But, of course, they now turn to 2017-18 and the inevitability of yet more “savings” to balance the books.
Brave new worlds
This summer will bring the discussion papers on the 2020 changes to financing local government – the brave new world where authorities will no longer rely on central government grant to finance services as business rates are fully devolved.
It has been confirmed that the changes will be fiscally neutral although that is not an idea shared by local authorities and central government alike.
The Chancellor is clear that local authorities receiving the full quantum of business rates will also acquire
sufficient new services, or diminished specific grants, to ensure that the central coffers pay no more in total in local government support.
Local authorities, meanwhile, are keen to ensure that any new burdens are not included and that they receive sufficient additional funding to cover them.
For instance although the Local Government Association believe that it is almost inevitable that local authorities will take on Attendance Allowance, this should not happen without additional funding to match.
Slicing the cake
The difficulty about all this is how the funding cake is sliced in order to meet the unequal needs of local authorities. This is the objective of the sub group of the joint DCLG/LGA steering body, a group that is bound to toil away for a considerable time before it is able to reach a conclusion.
It will of course be complicated and the end result will inevitably fail to please all.

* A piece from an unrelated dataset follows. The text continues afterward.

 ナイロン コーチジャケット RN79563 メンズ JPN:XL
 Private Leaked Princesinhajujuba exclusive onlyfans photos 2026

It is the first really comprehensive review of needs for many years.
The original revenue support grant was based on a complicated regression analysis which tried to bring together as many as 50 measures of need. Each year it came with its own industrial effort to re-negotiate the measures.
Simples
Already there has been talk of a simple solution. The trouble is how accurately you wish to measure the needs of local authorities comparatively?
In the past simple solutions were seen as being rough and ready, not fair to all. To be equitable to all authorities needs a comprehensive solution which simply may not be possible.

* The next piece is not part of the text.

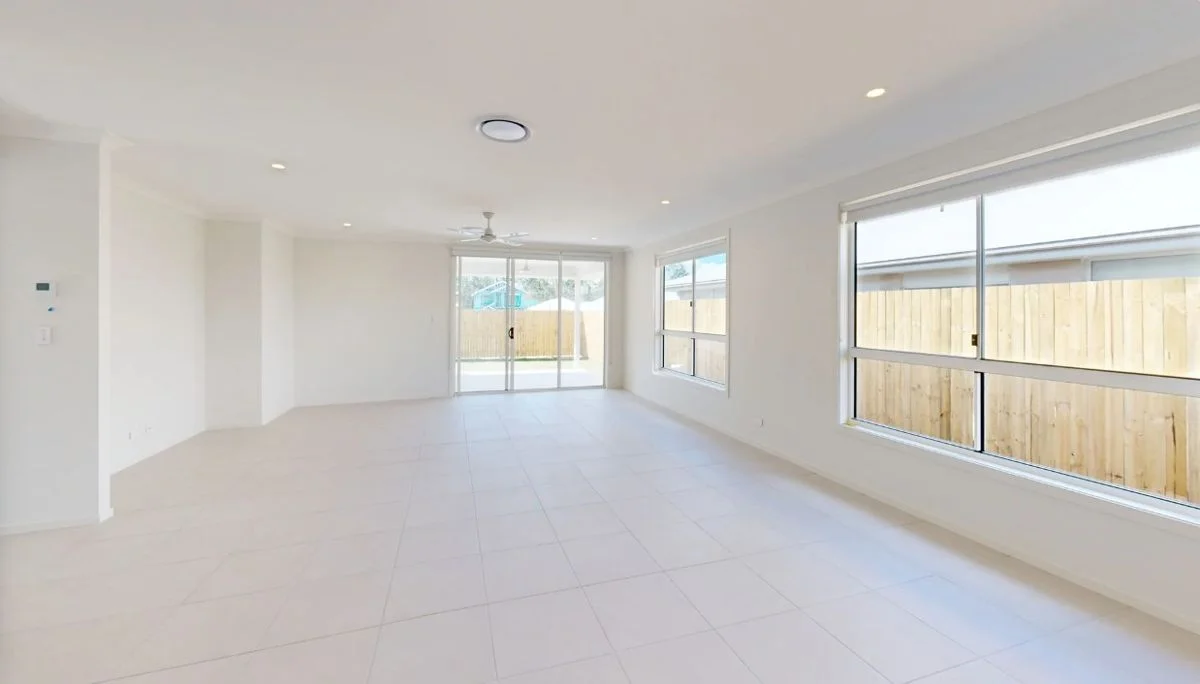 Additional image 6 of 176 Guroman Drive, Greenbank QLD 4124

How anyway do you measure need? A suggestion was that the starting point should be an analysis of historic budgets. But does this in anyway measure need, or does it just measure the outcome of pragmatic spending decisions drawn up to meet available resources?
In addition the picture is complicated by the business rates debate, which is difficult because of the piecemeal nature of devolution deals, many of which have allowed authorities to retain 100% of business rates already.
Interestingly the National Audit Office, in its study of devolution funding could find no common thread in the way they had been calculated. The NAO said that “deals agreed did not give a clear view of the landscape or, crucially, the destination.”
One of the other interesting things that will come out when the detailed budget statistics for 2016-17 are published is the degree that authorities have provided for the outcome of business rate appeals.
Anecdotal evidence is that there are huge variations in the risks taken by authorities in this area.
There is also a feeling that central government should shoulder some of the retrospective payments made on appeals and indeed many argue that to remove this whole area of uncertainty central government should underwrite losses on appeal entirely. I think that will be difficult within a regime of fiscal neutrality.
Richard Harbord is a consultant and a former chief executive of Boston Borough Council.